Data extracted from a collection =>
▼

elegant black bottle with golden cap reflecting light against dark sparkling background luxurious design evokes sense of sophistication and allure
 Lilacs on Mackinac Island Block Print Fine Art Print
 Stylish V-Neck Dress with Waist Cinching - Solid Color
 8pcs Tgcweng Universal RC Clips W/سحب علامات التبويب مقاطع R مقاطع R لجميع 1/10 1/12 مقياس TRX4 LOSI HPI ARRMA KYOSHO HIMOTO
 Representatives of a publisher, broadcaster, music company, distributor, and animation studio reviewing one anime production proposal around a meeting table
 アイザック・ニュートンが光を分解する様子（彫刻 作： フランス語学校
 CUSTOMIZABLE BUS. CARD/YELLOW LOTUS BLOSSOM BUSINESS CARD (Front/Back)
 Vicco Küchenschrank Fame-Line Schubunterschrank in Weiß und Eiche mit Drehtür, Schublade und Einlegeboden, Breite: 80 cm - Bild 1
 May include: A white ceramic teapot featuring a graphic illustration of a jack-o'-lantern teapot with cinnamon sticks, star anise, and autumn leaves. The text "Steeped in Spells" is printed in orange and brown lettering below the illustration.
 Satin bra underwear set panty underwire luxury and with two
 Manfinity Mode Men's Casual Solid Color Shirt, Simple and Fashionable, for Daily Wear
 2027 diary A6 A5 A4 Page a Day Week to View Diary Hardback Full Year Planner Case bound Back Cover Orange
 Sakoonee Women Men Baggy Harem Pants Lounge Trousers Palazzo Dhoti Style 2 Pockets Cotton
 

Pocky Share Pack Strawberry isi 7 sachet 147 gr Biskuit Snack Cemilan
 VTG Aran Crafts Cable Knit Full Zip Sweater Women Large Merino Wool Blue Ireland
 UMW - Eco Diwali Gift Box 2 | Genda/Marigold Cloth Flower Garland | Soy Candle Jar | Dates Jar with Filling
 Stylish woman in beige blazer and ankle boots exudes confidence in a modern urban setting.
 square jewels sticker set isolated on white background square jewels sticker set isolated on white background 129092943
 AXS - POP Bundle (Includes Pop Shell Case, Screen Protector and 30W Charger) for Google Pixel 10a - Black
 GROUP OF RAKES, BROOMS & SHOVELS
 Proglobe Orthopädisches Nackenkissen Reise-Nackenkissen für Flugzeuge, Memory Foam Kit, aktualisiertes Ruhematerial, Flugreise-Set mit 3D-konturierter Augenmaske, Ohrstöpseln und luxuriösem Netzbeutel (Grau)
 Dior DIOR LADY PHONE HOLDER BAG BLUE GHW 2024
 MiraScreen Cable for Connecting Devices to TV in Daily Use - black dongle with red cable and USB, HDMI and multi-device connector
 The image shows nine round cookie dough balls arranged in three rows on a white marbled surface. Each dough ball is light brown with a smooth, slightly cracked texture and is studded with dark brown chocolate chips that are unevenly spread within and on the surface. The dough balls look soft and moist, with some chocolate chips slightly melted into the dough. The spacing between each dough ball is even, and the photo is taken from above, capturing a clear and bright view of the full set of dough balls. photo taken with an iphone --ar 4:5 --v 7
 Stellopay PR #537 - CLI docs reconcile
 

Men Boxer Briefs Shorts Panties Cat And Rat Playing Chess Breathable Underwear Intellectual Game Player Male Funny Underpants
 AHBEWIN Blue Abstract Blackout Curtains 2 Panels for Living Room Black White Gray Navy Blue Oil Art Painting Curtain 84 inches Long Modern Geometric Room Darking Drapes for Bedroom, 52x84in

▲

Aim of the task =>
Repeat, without change, each line of the data above from the one that contains "2027 diary A6" through the final line, counting both.

Answer area =>
 2027 diary A6 A5 A4 Page a Day Week to View Diary Hardback Full Year Planner Case bound Back Cover Orange
 Sakoonee Women Men Baggy Harem Pants Lounge Trousers Palazzo Dhoti Style 2 Pockets Cotton
 

Pocky Share Pack Strawberry isi 7 sachet 147 gr Biskuit Snack Cemilan
 VTG Aran Crafts Cable Knit Full Zip Sweater Women Large Merino Wool Blue Ireland
 UMW - Eco Diwali Gift Box 2 | Genda/Marigold Cloth Flower Garland | Soy Candle Jar | Dates Jar with Filling
 Stylish woman in beige blazer and ankle boots exudes confidence in a modern urban setting.
 square jewels sticker set isolated on white background square jewels sticker set isolated on white background 129092943
 AXS - POP Bundle (Includes Pop Shell Case, Screen Protector and 30W Charger) for Google Pixel 10a - Black
 GROUP OF RAKES, BROOMS & SHOVELS
 Proglobe Orthopädisches Nackenkissen Reise-Nackenkissen für Flugzeuge, Memory Foam Kit, aktualisiertes Ruhematerial, Flugreise-Set mit 3D-konturierter Augenmaske, Ohrstöpseln und luxuriösem Netzbeutel (Grau)
 Dior DIOR LADY PHONE HOLDER BAG BLUE GHW 2024
 MiraScreen Cable for Connecting Devices to TV in Daily Use - black dongle with red cable and USB, HDMI and multi-device connector
 The image shows nine round cookie dough balls arranged in three rows on a white marbled surface. Each dough ball is light brown with a smooth, slightly cracked texture and is studded with dark brown chocolate chips that are unevenly spread within and on the surface. The dough balls look soft and moist, with some chocolate chips slightly melted into the dough. The spacing between each dough ball is even, and the photo is taken from above, capturing a clear and bright view of the full set of dough balls. photo taken with an iphone --ar 4:5 --v 7
 Stellopay PR #537 - CLI docs reconcile
 

Men Boxer Briefs Shorts Panties Cat And Rat Playing Chess Breathable Underwear Intellectual Game Player Male Funny Underpants
 AHBEWIN Blue Abstract Blackout Curtains 2 Panels for Living Room Black White Gray Navy Blue Oil Art Painting Curtain 84 inches Long Modern Geometric Room Darking Drapes for Bedroom, 52x84in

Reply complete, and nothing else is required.